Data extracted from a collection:
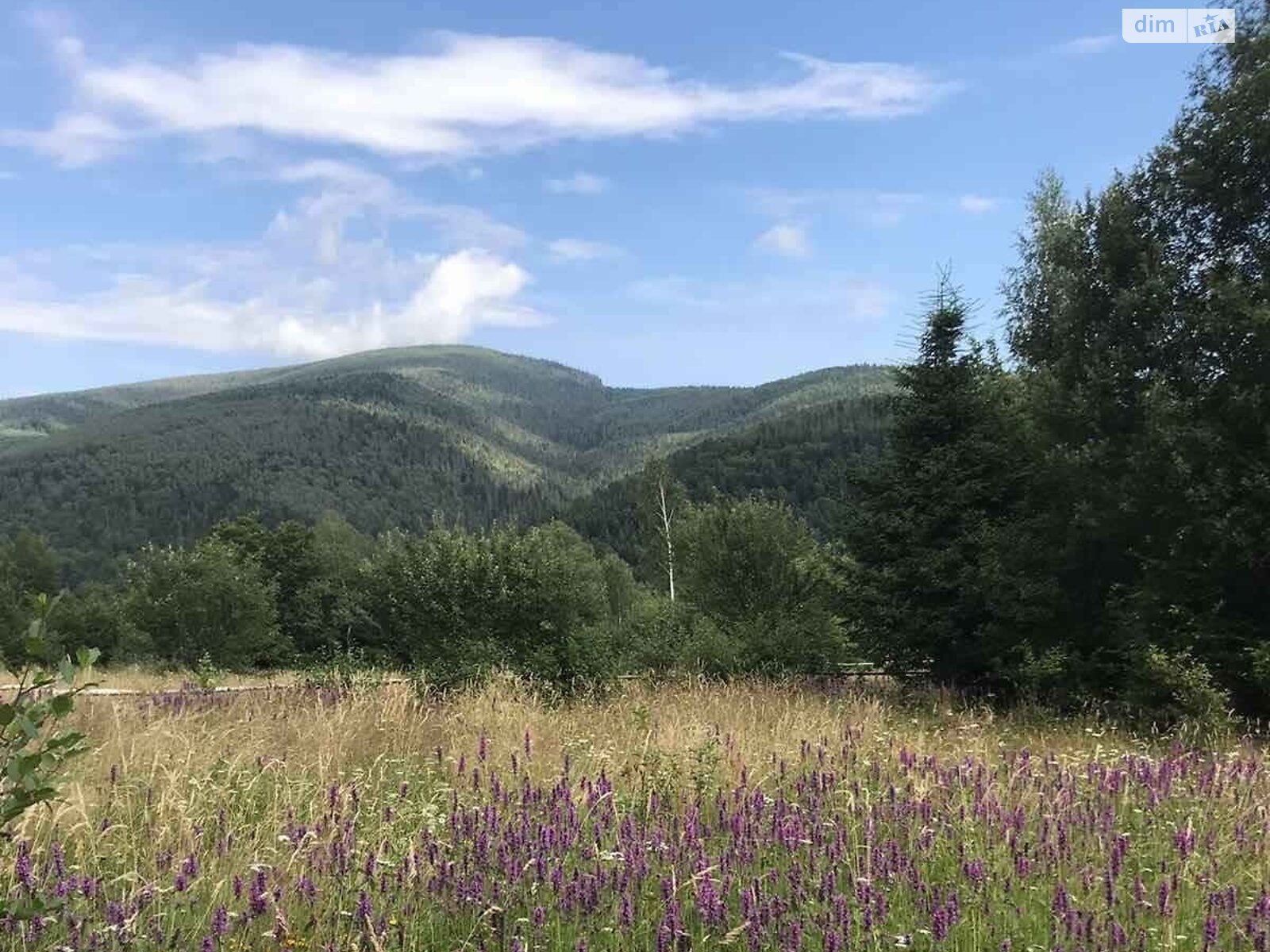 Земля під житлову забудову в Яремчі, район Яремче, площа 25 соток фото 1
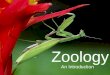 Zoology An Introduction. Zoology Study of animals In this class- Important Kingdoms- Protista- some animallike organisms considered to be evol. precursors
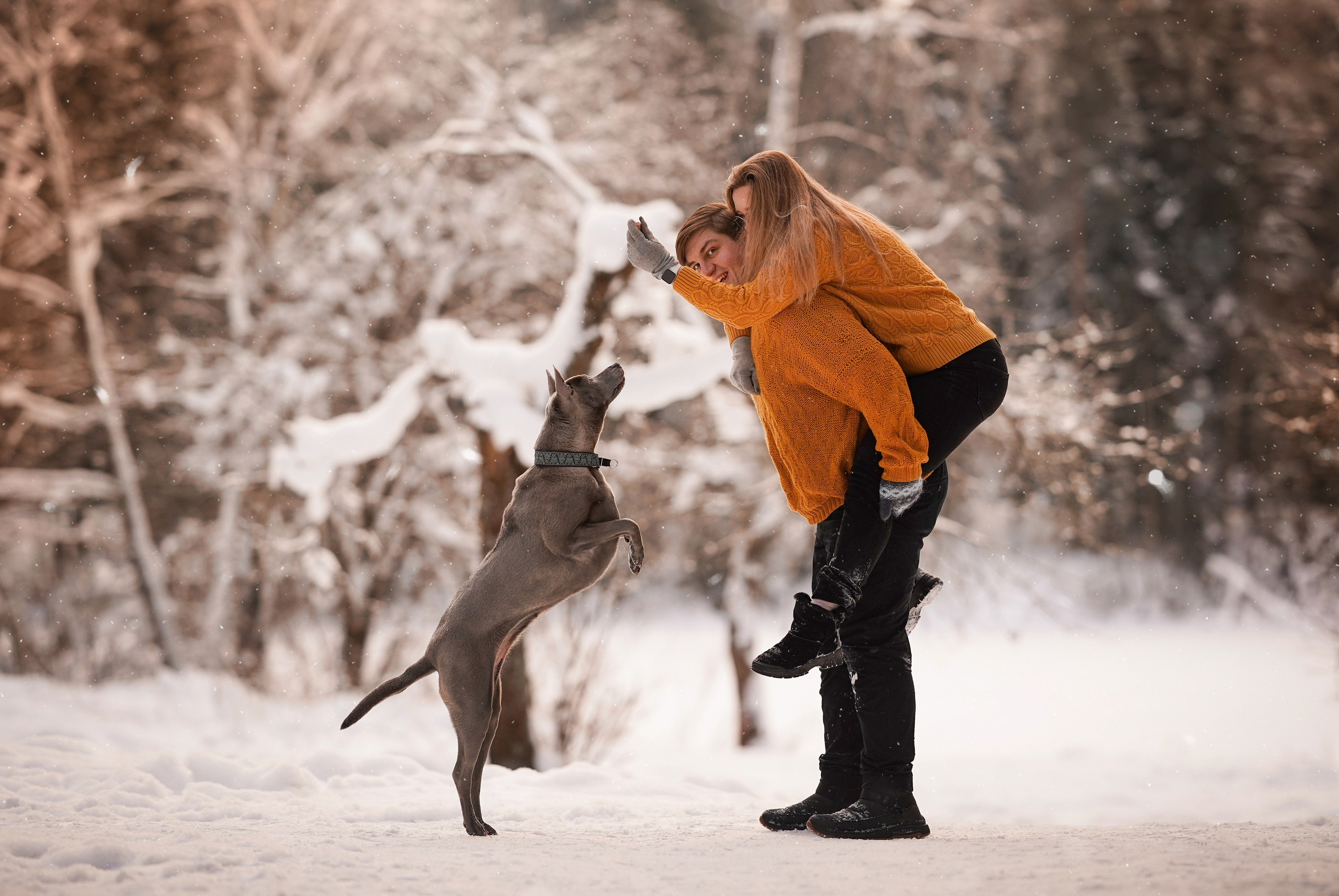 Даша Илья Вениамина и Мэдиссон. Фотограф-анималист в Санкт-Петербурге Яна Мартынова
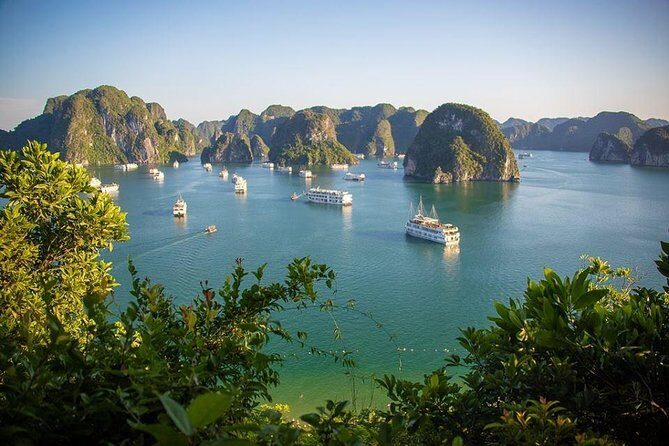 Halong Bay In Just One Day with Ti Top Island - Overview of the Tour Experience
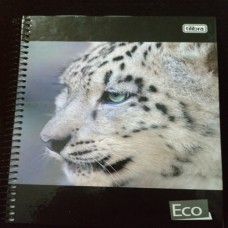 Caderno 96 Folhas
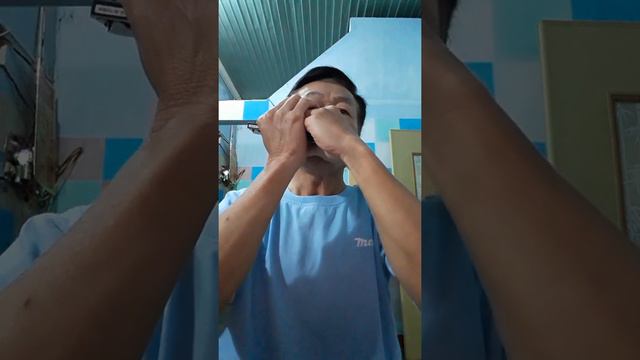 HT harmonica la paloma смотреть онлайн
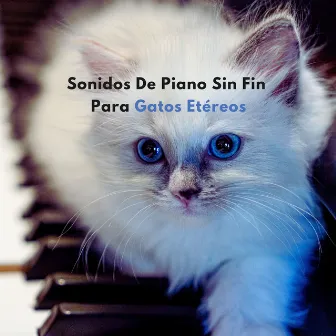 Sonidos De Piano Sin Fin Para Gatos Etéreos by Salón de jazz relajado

● WHAT IS REQUIRED: Transcribe every line from the one with "Caderno 96 Folhas" to the last line of the records above, exactly, excluding pictures.

● TASK ANSWER:
 Caderno 96 Folhas
 HT harmonica la paloma смотреть онлайн
 Sonidos De Piano Sin Fin Para Gatos Etéreos by Salón de jazz relajado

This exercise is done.